→ **Work instruction**
The range starts at the line containing "リアル長谷川亮太(AA) 2.png" and ends at the last line of the records below. Reproduce those lines exactly.

→ **Data excerpts**
+++++
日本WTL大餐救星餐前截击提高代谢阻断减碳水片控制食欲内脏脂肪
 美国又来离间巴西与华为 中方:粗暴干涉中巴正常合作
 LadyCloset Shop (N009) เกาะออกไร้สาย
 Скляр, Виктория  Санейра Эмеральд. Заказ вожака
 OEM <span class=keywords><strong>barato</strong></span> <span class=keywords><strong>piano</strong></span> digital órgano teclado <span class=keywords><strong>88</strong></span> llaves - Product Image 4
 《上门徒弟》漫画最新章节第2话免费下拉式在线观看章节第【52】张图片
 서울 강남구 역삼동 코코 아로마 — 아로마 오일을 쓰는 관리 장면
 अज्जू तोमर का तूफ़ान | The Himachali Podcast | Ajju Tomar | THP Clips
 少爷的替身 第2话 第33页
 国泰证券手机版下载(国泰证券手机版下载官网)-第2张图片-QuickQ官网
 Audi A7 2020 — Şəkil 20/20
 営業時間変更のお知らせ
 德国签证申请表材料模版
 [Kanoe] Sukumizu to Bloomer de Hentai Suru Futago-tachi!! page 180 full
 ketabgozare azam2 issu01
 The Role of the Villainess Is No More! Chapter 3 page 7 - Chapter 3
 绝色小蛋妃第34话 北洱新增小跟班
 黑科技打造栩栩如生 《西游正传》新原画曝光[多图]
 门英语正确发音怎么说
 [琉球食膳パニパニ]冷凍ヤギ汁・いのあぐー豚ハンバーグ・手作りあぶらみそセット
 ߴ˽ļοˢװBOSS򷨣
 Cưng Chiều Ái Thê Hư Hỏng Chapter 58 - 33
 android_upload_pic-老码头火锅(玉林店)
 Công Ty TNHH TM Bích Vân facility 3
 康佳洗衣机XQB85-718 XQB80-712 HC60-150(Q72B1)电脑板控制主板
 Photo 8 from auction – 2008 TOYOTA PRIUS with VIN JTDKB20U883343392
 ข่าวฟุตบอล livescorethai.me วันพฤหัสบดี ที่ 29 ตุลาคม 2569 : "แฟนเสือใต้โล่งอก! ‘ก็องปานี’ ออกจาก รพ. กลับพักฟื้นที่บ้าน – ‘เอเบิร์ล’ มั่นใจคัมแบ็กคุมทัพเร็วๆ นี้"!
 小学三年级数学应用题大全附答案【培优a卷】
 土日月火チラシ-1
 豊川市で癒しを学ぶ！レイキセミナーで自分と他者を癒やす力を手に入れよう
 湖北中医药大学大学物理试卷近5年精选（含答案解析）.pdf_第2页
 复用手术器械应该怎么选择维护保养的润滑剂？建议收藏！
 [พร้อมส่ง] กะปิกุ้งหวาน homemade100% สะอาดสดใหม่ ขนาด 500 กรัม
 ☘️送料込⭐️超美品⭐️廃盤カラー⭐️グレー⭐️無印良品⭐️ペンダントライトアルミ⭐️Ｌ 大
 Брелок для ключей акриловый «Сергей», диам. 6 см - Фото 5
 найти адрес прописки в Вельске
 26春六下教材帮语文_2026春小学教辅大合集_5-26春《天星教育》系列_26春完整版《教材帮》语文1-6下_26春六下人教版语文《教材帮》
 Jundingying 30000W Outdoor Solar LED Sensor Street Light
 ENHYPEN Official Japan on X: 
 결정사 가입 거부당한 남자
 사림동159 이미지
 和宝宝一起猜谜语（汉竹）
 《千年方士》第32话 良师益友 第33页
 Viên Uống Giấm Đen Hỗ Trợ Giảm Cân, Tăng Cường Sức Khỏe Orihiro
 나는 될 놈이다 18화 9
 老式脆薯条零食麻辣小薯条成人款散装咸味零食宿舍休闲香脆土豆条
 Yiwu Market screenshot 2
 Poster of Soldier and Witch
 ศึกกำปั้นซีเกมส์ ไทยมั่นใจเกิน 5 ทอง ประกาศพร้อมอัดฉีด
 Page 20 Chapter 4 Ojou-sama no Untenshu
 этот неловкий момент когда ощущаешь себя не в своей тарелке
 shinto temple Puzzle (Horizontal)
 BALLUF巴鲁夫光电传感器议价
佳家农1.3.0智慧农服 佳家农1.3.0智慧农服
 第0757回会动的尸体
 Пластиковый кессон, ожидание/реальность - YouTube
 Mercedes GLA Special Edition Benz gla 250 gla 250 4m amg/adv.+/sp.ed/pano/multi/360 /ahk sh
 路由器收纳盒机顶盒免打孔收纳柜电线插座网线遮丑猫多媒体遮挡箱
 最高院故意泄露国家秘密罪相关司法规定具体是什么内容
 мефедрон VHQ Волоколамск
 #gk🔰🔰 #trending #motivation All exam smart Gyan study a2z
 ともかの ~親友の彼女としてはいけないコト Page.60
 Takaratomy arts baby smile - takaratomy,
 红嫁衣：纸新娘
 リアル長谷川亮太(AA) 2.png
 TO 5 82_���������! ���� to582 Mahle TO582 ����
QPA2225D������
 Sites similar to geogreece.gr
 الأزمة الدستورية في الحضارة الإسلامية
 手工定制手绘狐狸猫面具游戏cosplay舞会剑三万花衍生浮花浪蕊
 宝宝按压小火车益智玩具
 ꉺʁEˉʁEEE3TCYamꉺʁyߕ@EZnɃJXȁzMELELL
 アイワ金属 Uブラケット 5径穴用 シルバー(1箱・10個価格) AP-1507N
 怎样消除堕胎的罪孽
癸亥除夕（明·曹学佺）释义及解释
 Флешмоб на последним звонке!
+++++
→ **Result of this task**
 リアル長谷川亮太(AA) 2.png
 TO 5 82_���������! ���� to582 Mahle TO582 ����
QPA2225D������
 Sites similar to geogreece.gr
 الأزمة الدستورية في الحضارة الإسلامية
 手工定制手绘狐狸猫面具游戏cosplay舞会剑三万花衍生浮花浪蕊
 宝宝按压小火车益智玩具
 ꉺʁEˉʁEEE3TCYamꉺʁyߕ@EZnɃJXȁzMELELL
 アイワ金属 Uブラケット 5径穴用 シルバー(1箱・10個価格) AP-1507N
 怎样消除堕胎的罪孽
癸亥除夕（明·曹学佺）释义及解释
 Флешмоб на последним звонке!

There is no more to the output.